I've uploaded a picture of the question.
I need help in identifying the correct number of trials, probability of success and the X value(number of successes)

Homework Equations


i'm using the binomial distribution function on the calculator but I've attached the formula just in case


The Attempt at a Solution


I used n=7, p=7/15 and X=7 which yields me a probability of 0.00482 which is incorrect. The correct answer is 0.000155 but not sure how.
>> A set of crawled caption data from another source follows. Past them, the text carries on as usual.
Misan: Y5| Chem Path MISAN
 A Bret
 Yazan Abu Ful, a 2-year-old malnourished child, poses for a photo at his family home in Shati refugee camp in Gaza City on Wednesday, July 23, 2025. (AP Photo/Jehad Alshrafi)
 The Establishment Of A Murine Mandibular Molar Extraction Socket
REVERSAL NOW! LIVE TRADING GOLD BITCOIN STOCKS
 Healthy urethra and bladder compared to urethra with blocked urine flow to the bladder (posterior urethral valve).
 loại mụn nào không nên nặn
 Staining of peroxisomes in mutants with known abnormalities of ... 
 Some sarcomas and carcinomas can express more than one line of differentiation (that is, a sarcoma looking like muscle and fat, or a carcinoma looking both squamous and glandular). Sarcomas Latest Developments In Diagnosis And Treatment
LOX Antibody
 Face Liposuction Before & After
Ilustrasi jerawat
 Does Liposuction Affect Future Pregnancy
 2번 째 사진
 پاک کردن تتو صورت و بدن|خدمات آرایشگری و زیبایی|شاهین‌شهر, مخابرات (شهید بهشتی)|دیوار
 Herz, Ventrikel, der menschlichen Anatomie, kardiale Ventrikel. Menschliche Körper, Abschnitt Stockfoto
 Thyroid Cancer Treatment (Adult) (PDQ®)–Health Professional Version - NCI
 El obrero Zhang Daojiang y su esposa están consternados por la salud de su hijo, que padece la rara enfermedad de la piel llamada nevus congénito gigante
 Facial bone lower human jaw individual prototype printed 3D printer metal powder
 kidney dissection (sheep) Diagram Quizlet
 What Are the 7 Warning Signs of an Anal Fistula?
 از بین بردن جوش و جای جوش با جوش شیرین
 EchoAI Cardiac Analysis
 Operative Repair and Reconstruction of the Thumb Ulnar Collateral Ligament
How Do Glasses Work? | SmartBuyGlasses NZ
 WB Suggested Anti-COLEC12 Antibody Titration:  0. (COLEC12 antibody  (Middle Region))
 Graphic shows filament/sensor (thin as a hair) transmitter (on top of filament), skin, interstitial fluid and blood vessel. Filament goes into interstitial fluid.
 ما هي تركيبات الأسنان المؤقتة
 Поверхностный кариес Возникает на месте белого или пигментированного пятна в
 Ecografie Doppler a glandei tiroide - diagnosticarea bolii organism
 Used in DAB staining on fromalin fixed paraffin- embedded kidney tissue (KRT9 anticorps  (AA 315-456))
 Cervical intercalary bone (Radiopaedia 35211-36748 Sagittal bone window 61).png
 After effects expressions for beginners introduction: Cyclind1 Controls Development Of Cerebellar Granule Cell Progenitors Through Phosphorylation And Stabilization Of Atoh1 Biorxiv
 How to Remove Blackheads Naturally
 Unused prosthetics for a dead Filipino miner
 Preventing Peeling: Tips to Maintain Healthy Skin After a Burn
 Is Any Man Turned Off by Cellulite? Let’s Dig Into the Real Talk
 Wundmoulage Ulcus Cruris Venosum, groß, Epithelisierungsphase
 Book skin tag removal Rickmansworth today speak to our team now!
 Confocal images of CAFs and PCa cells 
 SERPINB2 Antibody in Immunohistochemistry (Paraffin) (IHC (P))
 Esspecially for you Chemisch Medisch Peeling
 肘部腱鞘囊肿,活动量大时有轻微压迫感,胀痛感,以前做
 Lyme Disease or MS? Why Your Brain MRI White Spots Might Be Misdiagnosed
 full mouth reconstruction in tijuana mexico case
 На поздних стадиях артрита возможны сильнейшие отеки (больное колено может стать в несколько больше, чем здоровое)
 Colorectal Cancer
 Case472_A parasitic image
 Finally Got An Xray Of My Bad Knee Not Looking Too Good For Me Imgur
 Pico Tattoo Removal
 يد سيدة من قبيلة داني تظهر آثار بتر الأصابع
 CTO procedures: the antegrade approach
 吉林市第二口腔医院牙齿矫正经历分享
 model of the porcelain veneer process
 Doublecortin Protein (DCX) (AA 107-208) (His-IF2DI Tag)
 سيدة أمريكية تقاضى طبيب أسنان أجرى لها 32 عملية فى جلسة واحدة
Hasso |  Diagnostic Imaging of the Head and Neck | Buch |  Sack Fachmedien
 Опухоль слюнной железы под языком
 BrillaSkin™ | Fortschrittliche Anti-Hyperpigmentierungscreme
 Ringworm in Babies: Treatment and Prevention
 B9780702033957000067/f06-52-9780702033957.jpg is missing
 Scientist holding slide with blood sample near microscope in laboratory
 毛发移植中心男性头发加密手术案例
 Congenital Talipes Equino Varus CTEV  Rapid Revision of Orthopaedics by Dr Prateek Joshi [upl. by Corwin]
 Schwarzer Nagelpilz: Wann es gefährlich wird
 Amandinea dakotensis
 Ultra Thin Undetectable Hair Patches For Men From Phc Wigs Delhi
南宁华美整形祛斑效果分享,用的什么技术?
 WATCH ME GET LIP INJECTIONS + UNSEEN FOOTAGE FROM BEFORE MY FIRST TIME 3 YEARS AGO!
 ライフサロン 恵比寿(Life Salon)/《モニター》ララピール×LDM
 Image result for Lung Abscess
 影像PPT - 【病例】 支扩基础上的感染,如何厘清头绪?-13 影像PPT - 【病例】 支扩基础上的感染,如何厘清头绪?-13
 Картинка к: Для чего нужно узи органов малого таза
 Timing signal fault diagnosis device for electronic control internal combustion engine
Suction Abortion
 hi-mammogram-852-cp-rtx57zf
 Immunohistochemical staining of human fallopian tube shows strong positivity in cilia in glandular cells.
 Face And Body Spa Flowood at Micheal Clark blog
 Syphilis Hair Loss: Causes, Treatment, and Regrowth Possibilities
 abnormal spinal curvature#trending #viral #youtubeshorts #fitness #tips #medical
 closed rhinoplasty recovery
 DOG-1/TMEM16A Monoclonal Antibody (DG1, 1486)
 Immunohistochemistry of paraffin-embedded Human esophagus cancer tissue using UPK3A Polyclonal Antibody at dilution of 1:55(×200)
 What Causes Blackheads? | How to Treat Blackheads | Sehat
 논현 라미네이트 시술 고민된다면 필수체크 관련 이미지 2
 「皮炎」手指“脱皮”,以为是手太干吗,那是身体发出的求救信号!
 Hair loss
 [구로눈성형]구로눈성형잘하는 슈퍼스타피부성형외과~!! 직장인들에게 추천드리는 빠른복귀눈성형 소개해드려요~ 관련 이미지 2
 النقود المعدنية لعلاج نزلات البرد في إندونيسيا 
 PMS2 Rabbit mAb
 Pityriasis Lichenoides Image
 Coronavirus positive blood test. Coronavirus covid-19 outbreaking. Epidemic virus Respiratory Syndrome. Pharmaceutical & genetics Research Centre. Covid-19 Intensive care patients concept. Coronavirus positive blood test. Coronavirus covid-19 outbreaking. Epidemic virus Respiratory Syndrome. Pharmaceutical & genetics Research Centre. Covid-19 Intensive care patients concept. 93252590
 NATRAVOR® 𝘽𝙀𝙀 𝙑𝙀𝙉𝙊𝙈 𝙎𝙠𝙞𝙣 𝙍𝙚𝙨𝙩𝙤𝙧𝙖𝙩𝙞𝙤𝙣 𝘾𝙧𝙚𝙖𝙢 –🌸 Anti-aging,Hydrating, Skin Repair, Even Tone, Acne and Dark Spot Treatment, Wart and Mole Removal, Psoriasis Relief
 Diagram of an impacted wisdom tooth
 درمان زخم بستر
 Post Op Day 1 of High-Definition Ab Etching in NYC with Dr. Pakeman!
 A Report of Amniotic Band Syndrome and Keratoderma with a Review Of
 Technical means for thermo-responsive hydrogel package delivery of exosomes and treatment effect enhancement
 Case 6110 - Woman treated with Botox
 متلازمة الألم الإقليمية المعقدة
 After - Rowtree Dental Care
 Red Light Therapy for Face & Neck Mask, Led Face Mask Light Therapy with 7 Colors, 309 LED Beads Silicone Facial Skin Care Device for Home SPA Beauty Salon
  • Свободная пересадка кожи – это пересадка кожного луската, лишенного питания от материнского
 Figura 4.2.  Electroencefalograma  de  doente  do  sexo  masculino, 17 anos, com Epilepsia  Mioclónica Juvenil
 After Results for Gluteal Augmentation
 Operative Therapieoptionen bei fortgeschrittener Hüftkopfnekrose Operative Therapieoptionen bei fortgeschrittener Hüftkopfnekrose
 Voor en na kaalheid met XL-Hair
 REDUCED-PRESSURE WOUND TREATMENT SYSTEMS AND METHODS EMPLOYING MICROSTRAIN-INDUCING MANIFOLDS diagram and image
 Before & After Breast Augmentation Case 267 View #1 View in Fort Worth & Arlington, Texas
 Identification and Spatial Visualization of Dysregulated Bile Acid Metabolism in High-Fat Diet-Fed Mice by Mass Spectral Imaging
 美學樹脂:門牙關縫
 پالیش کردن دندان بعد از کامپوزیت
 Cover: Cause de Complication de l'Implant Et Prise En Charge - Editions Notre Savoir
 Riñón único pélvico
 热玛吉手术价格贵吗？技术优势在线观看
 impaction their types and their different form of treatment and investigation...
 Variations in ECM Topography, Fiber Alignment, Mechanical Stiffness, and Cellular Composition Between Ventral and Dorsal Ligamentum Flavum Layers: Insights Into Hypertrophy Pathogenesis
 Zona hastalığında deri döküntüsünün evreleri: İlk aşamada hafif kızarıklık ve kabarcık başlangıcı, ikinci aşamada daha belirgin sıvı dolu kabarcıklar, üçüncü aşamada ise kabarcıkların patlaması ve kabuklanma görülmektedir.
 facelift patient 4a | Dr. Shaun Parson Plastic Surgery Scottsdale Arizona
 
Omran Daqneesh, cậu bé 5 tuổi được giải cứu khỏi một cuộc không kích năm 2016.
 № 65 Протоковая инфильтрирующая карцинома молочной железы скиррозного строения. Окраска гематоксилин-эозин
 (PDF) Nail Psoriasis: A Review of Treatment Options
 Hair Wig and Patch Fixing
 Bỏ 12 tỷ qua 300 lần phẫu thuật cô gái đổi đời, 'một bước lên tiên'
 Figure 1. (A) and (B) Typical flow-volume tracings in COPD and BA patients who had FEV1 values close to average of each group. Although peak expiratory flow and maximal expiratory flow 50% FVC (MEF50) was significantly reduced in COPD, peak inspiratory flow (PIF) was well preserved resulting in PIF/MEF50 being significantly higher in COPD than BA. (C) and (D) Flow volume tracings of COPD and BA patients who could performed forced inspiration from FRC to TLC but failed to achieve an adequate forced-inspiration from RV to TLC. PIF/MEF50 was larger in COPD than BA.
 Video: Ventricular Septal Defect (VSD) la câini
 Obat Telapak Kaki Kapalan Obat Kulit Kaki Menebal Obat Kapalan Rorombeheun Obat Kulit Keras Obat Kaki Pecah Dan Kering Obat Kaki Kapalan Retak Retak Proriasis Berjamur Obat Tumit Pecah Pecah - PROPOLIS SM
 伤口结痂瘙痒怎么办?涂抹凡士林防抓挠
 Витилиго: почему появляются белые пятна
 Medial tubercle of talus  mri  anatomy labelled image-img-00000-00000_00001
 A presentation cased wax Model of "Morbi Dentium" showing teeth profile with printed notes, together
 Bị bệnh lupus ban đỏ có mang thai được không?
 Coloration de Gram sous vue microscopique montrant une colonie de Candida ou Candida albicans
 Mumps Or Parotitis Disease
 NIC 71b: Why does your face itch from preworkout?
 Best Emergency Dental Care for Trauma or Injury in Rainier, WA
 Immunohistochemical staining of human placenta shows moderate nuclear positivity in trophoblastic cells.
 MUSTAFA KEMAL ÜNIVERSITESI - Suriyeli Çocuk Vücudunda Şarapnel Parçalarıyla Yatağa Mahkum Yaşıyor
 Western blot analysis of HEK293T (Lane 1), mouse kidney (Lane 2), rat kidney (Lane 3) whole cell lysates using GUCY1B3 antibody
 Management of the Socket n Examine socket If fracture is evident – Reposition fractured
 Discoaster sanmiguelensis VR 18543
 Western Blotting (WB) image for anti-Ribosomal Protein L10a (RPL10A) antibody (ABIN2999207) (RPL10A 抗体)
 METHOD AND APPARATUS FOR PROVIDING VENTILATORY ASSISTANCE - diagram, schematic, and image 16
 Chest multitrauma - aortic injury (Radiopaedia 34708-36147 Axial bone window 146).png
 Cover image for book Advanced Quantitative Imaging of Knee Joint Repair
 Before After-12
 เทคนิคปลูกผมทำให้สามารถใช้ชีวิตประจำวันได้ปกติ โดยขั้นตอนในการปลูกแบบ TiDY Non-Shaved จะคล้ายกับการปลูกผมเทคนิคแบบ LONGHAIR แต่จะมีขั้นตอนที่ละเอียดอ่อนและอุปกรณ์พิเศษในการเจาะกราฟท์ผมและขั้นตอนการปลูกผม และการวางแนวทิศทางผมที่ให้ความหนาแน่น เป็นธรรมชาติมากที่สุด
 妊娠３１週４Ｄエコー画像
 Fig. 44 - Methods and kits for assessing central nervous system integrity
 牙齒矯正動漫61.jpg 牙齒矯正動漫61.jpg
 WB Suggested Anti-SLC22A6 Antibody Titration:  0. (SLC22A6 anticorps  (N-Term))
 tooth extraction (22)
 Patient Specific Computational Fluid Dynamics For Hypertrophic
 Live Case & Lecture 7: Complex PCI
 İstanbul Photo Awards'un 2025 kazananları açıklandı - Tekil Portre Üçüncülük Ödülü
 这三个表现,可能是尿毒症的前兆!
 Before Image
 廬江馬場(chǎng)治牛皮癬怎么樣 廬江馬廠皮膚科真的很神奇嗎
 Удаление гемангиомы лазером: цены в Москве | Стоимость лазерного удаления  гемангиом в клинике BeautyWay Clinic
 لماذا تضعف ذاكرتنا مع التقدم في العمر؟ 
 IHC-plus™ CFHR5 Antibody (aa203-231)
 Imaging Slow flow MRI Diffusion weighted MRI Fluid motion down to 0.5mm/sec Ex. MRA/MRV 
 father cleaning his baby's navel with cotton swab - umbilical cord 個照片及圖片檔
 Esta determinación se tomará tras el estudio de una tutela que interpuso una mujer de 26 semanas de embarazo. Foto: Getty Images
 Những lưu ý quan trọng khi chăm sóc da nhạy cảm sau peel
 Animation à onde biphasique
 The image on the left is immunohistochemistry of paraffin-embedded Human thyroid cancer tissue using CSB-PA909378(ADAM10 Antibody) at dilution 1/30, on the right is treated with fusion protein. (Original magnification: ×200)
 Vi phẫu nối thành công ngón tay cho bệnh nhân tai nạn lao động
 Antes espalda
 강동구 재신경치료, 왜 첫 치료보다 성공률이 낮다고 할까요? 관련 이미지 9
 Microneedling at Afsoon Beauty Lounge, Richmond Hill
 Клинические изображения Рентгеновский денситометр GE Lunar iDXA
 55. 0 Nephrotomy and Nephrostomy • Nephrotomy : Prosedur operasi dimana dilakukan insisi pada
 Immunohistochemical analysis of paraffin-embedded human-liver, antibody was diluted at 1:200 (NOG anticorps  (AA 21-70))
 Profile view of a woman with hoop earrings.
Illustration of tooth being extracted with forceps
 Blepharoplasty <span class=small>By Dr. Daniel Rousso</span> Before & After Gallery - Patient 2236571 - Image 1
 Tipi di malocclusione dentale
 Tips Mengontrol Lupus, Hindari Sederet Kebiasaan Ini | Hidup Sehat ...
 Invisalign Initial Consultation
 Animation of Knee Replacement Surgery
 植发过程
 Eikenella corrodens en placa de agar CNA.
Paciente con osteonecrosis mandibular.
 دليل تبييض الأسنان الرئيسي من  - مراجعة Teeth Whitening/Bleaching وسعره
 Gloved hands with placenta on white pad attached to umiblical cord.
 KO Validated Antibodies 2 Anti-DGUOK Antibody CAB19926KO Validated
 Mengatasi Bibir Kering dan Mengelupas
The binomial distribution is inappropriate for this problem. You aren't doing independent trials with replacement. Think about how many ways you can select 7 cars from the 15 and how many ways you can select the 7 fwd cars.
 
That's not a correct formula to use. How many ways are there to choose 7 cars from 15? Only one of those choices gives you all four wheel drives.
 
ahh, that's why i keep getting it wrong. Thanks, but if its not binomial, what is it?
 
It's combinatorics. How many ways to select 7 objects from 15 objects?
 
TyErd said:
ahh, that's why i keep getting it wrong. Thanks, but if its not binomial, what is it?

It is the so-called hypergeometric distribution.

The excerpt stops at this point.